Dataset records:
════════

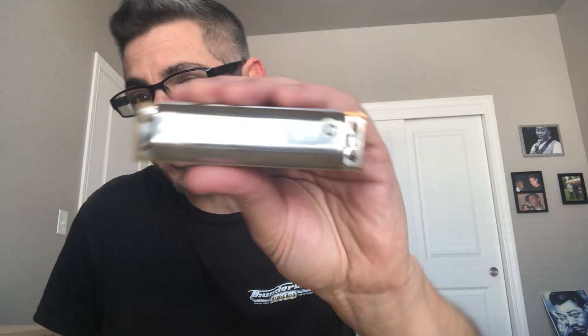My name is Ronnie Shellis. I'll be using the C harmonica today and I will talk to you about the differences between the two draw and the three blow. On a 10-hole diatonic like this Marine Band Deluxe right here, they're the same note. The two draw on a C harmonica is G and the three blow is a G note as well.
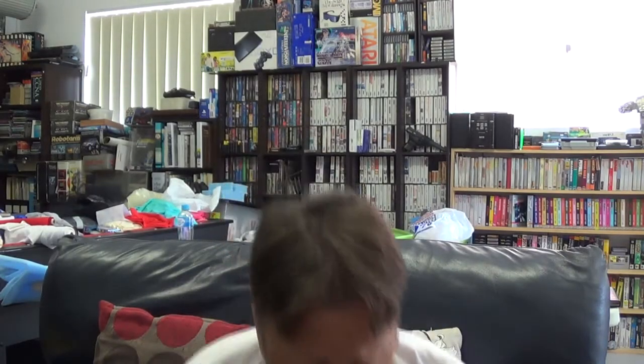Hey YouTube, Electric Adventures here with a pickup video. It's not going to be a pickup and play video because unfortunately there are quite a lot of items here. So these are all from the UK, from an eBay site called Rockrabillia, and they are a whole heap of UK software for various systems.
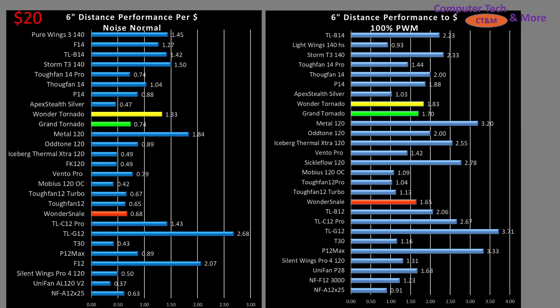Value. These fans I found for $20, so that is the baseline price I'm considering for their value proposition. Do note that currencies change and prices change. The calculation is straightforward — meters per second per dollar, with a multiplier factor of 10 just so the numbers are easy to read. At the 6-inch mark, both noise-normalized and at 100% PWM fan signaling, the Grand Tornado is in the middle of the road. There are other fans at a significantly higher value, but remember value isn't maximum performance — it's performance per dollar. If you're on an ultra-tight budget, value is where you want to look; if you've got extra wiggle room, that's when you start picking out quality.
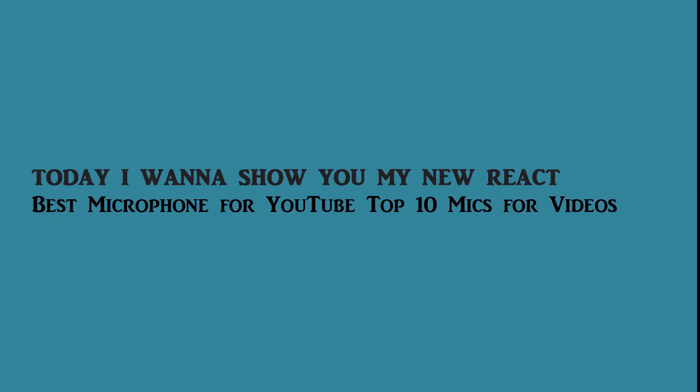Hi guys. Today I'm going to show you one of the new react videos: Best Microphone for YouTube, Top 10.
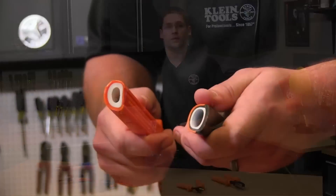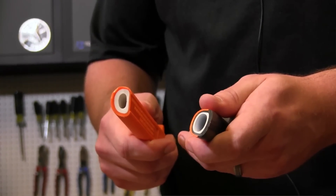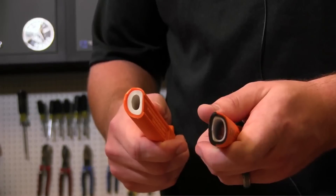That's why we always recommend that you inspect your tools before using them. At Klein Tools, we try to make that easy for you. All of our insulated tools feature two layer molded grips that have a white underlayer. Now, this white underlayer is there to provide a warning sign that the insulation may be compromised.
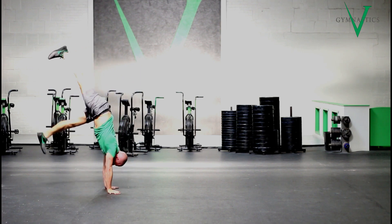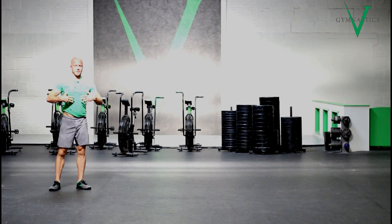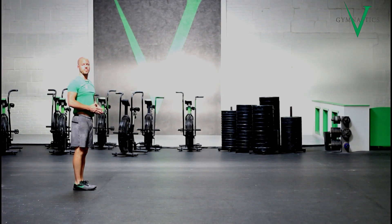Take your time if necessary, and make sure you are trying to keep the body positioning correct — nice and stacked positioning all the way there and back. That's your handstand walk forward and backward for three meters.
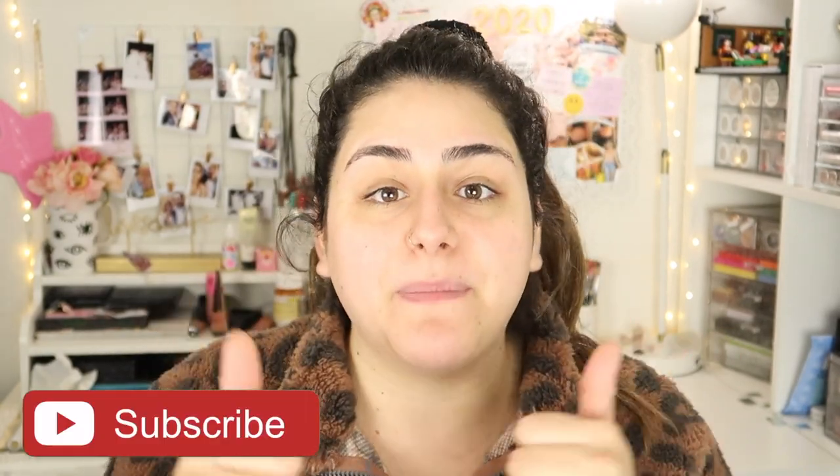Apart from the peach fuzz coming back, I have never noticed a change in color or it coming out darker. The only difference I see is my mustache, but it's not thicker — it's just my natural mustache coming in. I really hope you guys enjoyed this video. If you did, don't forget to give it a thumbs up and subscribe. The products I mentioned will be linked — I'll try to find some Amazon links and put them in the description box. Until then, I'll see you guys in my next video, bye!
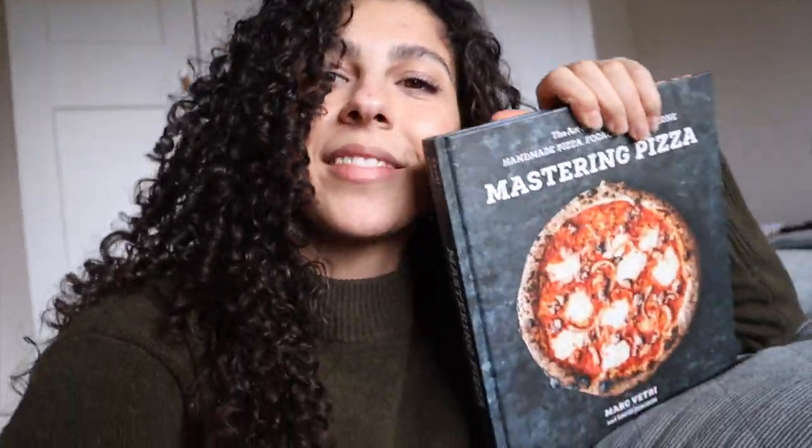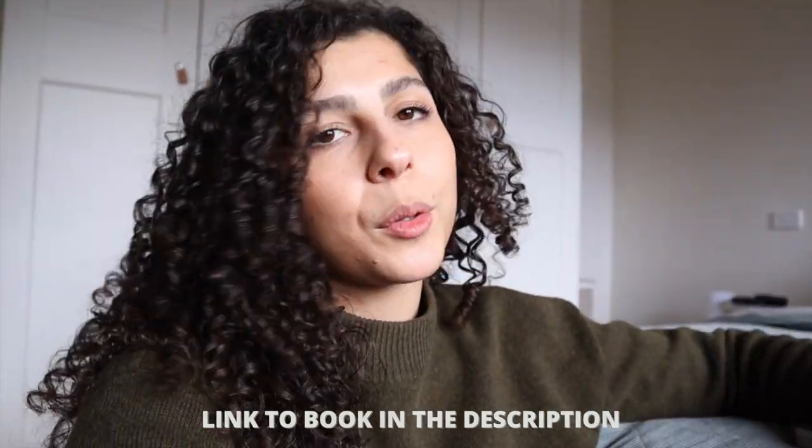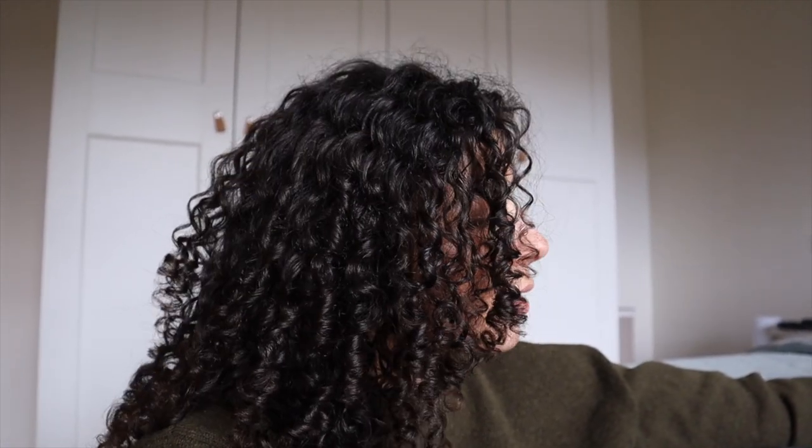But most importantly, it's about Mastering Pizza by Mark Vetri. I've been reading this during the week and I've been so excited to try one of the recipes. What I like about this book is that Mark provides recipes suitable for home ovens as well as wood-fired ovens or pizza ovens. He adjusts the dough recipes and explains why he's making these adjustments and why certain recipes work better in home ovens whereas others work better in wood-fired ovens.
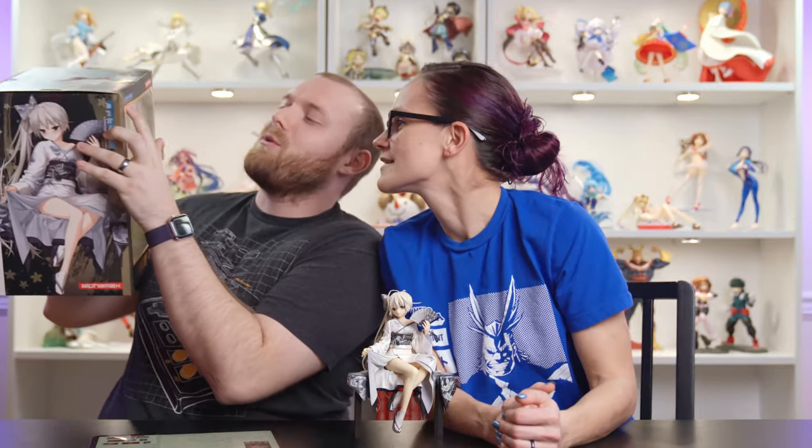Her origin is Yosuga no Sora, which translates to something like 'in solitude, lest we are alone.' This is one of those figures where we didn't really know where it came from at first, but we know now — I just read my figure collection.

════════

ACTIVITY:
Extract, character for character, every line from the one that holds "Take your time" through the end of the entries above. Include both boundary lines and no pictures.

ANSWER TO THE EXERCISE:
Take your time if necessary, and make sure you are trying to keep the body positioning correct — nice and stacked positioning all the way there and back. That's your handstand walk forward and backward for three meters.
Apart from the peach fuzz coming back, I have never noticed a change in color or it coming out darker. The only difference I see is my mustache, but it's not thicker — it's just my natural mustache coming in. I really hope you guys enjoyed this video. If you did, don't forget to give it a thumbs up and subscribe. The products I mentioned will be linked — I'll try to find some Amazon links and put them in the description box. Until then, I'll see you guys in my next video, bye!
But most importantly, it's about Mastering Pizza by Mark Vetri. I've been reading this during the week and I've been so excited to try one of the recipes. What I like about this book is that Mark provides recipes suitable for home ovens as well as wood-fired ovens or pizza ovens. He adjusts the dough recipes and explains why he's making these adjustments and why certain recipes work better in home ovens whereas others work better in wood-fired ovens.
Her origin is Yosuga no Sora, which translates to something like 'in solitude, lest we are alone.' This is one of those figures where we didn't really know where it came from at first, but we know now — I just read my figure collection.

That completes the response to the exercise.